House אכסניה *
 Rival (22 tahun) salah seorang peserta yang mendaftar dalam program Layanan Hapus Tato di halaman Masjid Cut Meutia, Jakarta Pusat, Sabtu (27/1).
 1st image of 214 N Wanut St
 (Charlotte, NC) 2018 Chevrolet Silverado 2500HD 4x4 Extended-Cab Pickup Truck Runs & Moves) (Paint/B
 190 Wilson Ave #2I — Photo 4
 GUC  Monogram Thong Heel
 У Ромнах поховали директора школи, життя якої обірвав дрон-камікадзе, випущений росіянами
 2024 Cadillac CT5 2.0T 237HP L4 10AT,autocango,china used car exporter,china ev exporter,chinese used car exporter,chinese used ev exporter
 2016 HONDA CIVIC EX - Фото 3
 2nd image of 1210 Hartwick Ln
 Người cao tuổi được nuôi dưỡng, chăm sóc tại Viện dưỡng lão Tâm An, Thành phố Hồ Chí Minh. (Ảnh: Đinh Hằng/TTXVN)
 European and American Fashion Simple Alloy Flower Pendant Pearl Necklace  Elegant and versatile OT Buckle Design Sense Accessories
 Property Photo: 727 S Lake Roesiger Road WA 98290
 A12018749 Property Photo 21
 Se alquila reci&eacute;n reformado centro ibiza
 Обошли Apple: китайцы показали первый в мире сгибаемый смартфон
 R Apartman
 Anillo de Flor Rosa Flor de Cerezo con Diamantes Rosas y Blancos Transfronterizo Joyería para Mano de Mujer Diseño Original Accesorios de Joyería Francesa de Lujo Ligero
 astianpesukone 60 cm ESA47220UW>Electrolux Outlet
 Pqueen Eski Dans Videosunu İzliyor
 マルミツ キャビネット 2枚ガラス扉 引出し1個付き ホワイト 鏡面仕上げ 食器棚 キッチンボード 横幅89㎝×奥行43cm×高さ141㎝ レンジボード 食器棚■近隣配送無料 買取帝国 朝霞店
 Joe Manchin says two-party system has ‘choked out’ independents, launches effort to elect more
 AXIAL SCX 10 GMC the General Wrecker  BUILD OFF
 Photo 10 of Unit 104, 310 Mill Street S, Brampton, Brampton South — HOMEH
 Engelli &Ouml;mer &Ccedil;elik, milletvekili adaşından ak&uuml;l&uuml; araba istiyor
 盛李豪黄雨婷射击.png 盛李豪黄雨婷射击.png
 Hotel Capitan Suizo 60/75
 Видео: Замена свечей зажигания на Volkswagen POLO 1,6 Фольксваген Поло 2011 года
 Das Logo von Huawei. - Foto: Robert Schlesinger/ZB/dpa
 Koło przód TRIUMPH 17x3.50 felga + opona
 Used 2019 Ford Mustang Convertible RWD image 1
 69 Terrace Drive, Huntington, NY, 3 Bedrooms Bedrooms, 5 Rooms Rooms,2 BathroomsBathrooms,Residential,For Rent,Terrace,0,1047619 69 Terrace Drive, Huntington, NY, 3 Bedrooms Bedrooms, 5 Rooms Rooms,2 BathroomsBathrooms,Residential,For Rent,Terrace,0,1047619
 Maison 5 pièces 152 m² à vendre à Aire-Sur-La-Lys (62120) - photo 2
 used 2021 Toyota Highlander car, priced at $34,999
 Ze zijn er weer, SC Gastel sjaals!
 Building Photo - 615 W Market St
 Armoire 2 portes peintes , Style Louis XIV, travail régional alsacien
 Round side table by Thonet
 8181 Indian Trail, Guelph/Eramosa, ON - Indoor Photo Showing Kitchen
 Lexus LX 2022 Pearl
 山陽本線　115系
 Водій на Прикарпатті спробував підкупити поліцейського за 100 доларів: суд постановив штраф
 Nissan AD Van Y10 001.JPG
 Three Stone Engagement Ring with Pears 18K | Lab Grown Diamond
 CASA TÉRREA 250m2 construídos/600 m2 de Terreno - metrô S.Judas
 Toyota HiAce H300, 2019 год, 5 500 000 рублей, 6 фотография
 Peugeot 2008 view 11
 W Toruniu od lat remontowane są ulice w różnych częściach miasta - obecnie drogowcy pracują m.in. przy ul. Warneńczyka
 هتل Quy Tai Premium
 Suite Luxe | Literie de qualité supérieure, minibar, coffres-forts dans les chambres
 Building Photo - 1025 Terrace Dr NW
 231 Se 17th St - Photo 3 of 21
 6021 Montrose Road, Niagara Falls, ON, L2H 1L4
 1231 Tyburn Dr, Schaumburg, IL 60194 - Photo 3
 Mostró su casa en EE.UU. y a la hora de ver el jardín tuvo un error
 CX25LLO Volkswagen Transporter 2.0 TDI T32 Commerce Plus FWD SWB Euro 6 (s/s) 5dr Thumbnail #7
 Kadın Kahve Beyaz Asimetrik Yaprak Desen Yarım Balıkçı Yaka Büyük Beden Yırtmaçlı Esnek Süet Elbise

※ ※ ※

** What you are asked to do **
If a line of the records includes the string "image", copy it out.

** Exercise response **
 1st image of 214 N Wanut St
 2nd image of 1210 Hartwick Ln
 Used 2019 Ford Mustang Convertible RWD image 1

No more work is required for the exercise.